A similar contamination, and perhaps a daily reminder of their costly remediation backlog, lies closer to home for Sarnoff and other city leaders under scrutiny for the handling of the Old Smokey cleanup: The soil beneath a small triangular wedge of waterfront land just outside Miami City Hall in Coconut Grove's Dinner Key is tainted with arsenic and an array of chemicals associated with petroleum.

To any visitor, the sloping patch of grass offers a stunning view of the Grove's working waterfront and across Biscayne Bay to the downtown Miami skyline. The only sign of trouble is a small pipe -- the head of a monitoring well -- protruding from the ground.

Environmental engineers suspect leaking storage tanks that serviced the flying boats that made the area a major hub for commercial air traffic in the 1930s. It is a relatively new discovery, dating back four years, when workers encountered suspicious-looking soil while excavating the area to install a storm drain. Some soil has been removed, but more must come out. And after the city missed an August deadline for detailing its long-awaited clean-up plans, county officials and local residents can only guess what happens next.
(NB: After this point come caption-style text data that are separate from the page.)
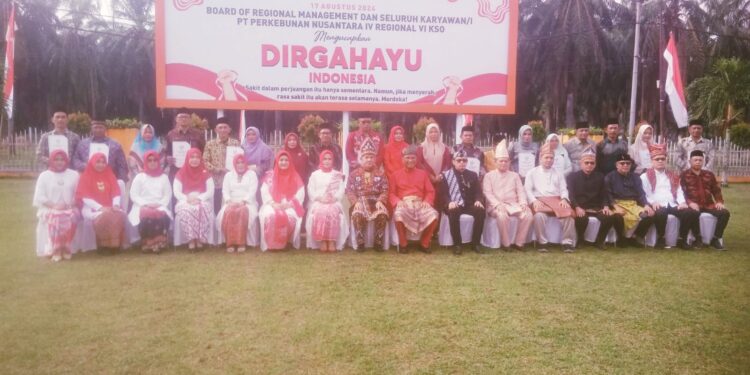 PTP N lV Regional 6 Langsa Memperingati Hari Ulang Tahun Kemerdekaan Indonesia Ke 79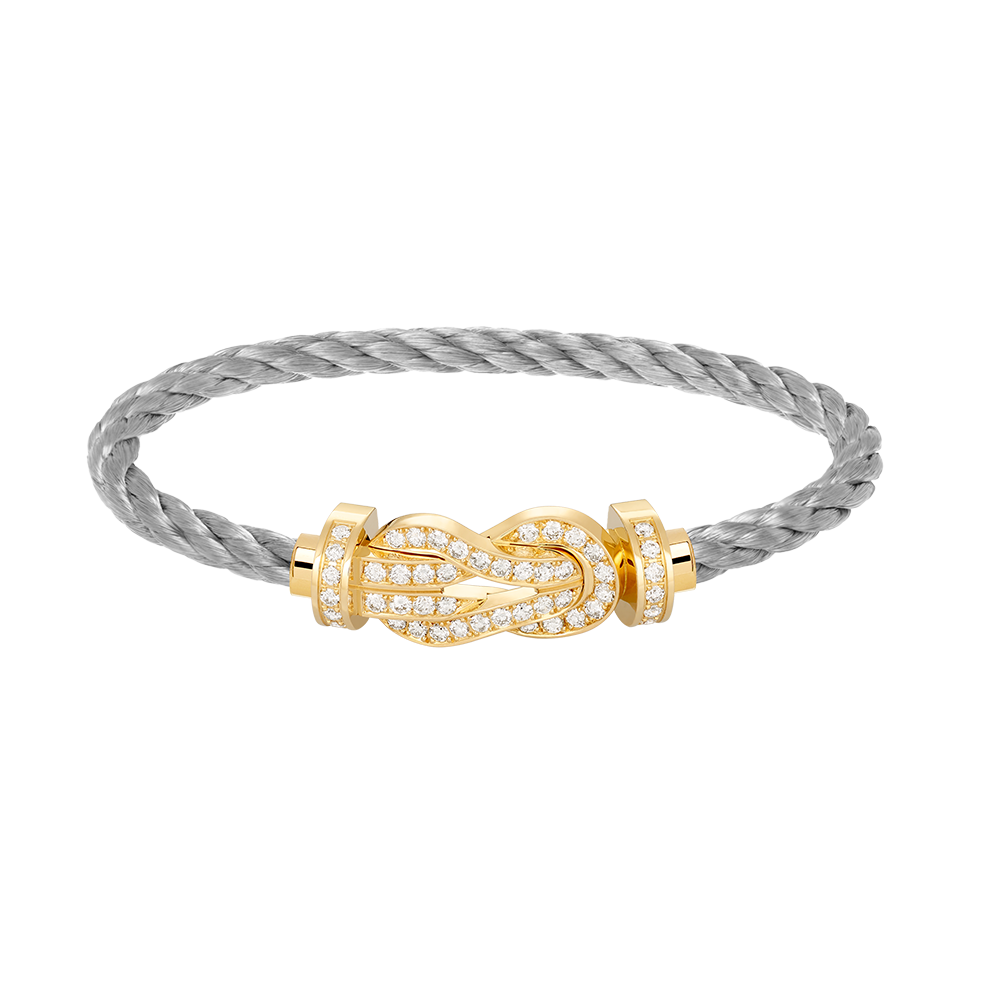 [Basjewels]CHANCE LARGE 8 FIGURE BUCKLE FULLDIAMOND BRACELET GOLD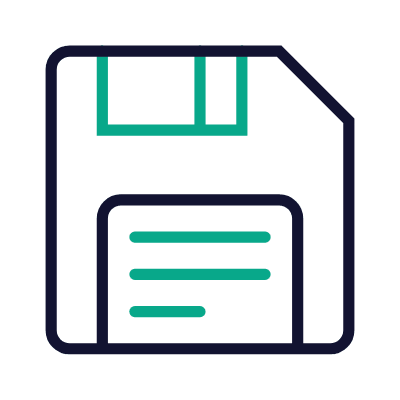 Floppy Disk, Animated Icon, Outline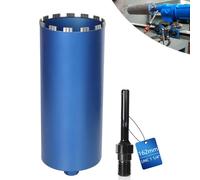 Corona Diamantata Ø 162mm L 460mm per Carotaggio, Punte da Trapano Turbo 10mm per Carotatrice, 1 1/4" UNC, con Adattatore SDS-MAX, per Cemento Armato, Granito e Muratura, Carotatrice a Tazza per Muro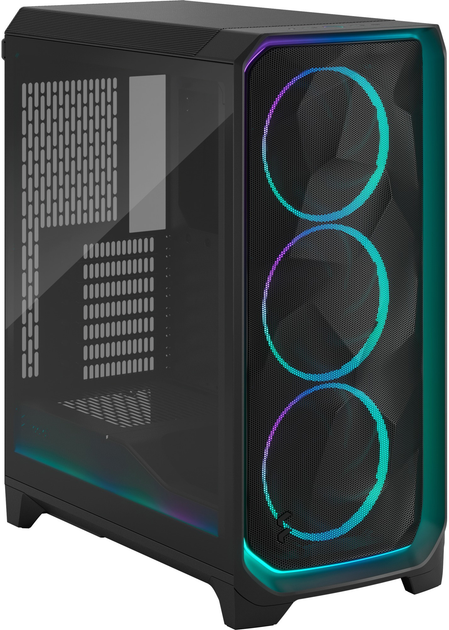 Obudowa Fractal Design Meshify 3 Ambience Pro RGB Light Tint Black (7340172707189) - obraz 1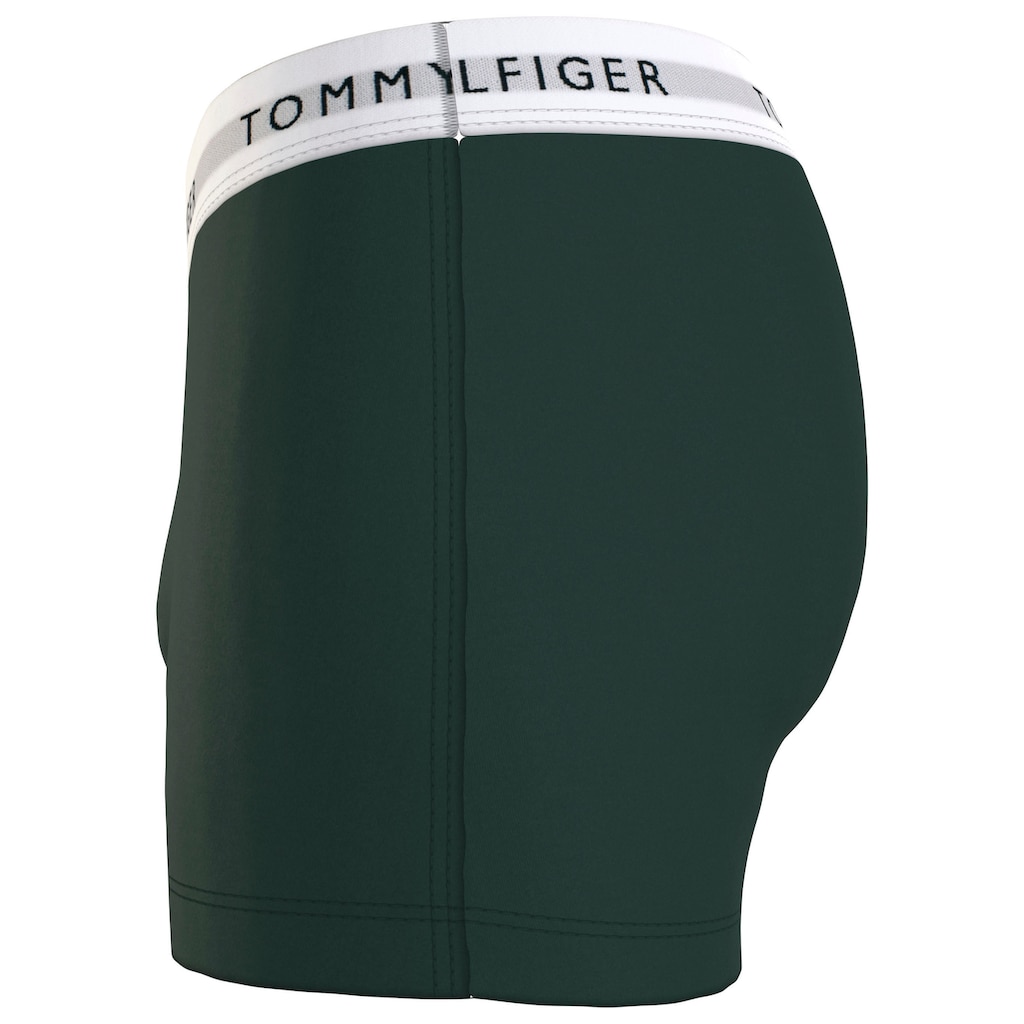 Tommy Hilfiger Underwear Trunk »3P TRUNK«, (Packung, 3 St., 3er-Pack), farbig mit weißem Logo-Elastikbund, Signature Kollektion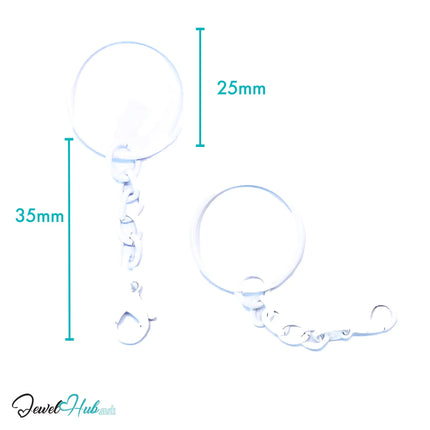 Colorful Keychain Ring Clasp · Alloy · 10 Colours · Lightweight Everyday Organizer CT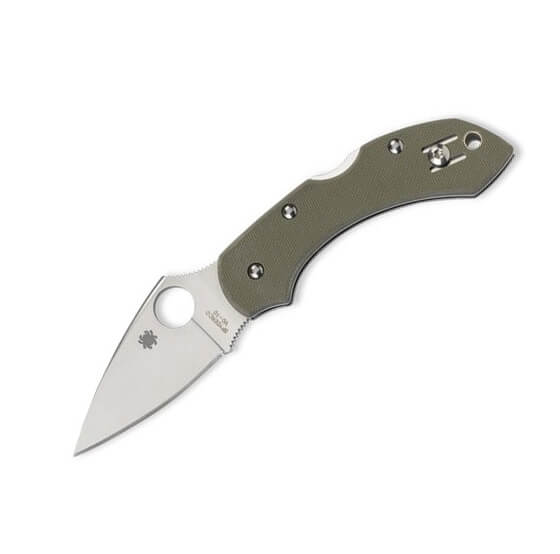 Canivete tática Spyderco Dragonfly 2 com cabo verde G10 e lâmina ...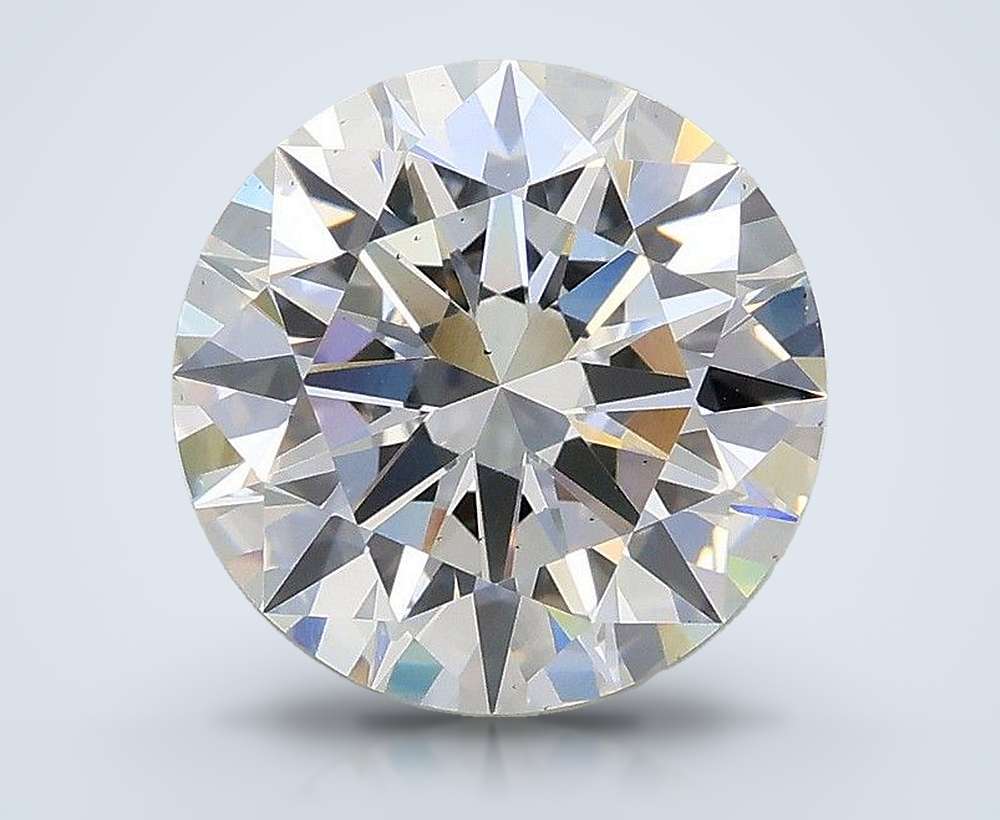2.52ct G VS2 Rare Carat Ideal Cut Round Lab Grown Diamond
To be sure, city and county officials are far more focused these days on Old Smokey and the off-the-charts contamination at Blanche Park.
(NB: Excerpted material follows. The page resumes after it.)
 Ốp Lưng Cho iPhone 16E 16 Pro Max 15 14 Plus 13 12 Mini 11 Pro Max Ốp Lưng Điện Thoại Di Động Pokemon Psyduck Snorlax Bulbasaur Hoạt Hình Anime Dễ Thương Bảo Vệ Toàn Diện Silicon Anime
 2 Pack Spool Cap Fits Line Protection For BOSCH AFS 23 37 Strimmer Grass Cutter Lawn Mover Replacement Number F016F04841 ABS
During last week's community meeting in the West Grove's Elizabeth Virrick Park, the officials, including DERM's chief, Mayorga, presented the expedited results of soil testing at 51 new sites within a one-mile radius of the incinerator, which closed in 1970. Contamination levels, he said, were low and generally consistent with other sites throughout Miami-Dade.

But there was one exception: arsenic, which appeared at elevated levels in about a quarter of the samples. Arsenic has been widely linked to a number of cancers, including one of the most deadly forms, pancreatic.

Mayorga downplayed the finding, explaining that arsenic, in fact, is often found naturally in the environment. But what he did not say is this: A little-known study published this past March by researchers at the University of Miami School of Medicine showed rates of pancreatic cancer in and around Coconut Grove were statistically higher than they should be -- what epidemiologists call a cancer cluster.

The likely cause of this cluster, the researchers concluded, is drinking water, possibly from private wells, contaminated with arsenic.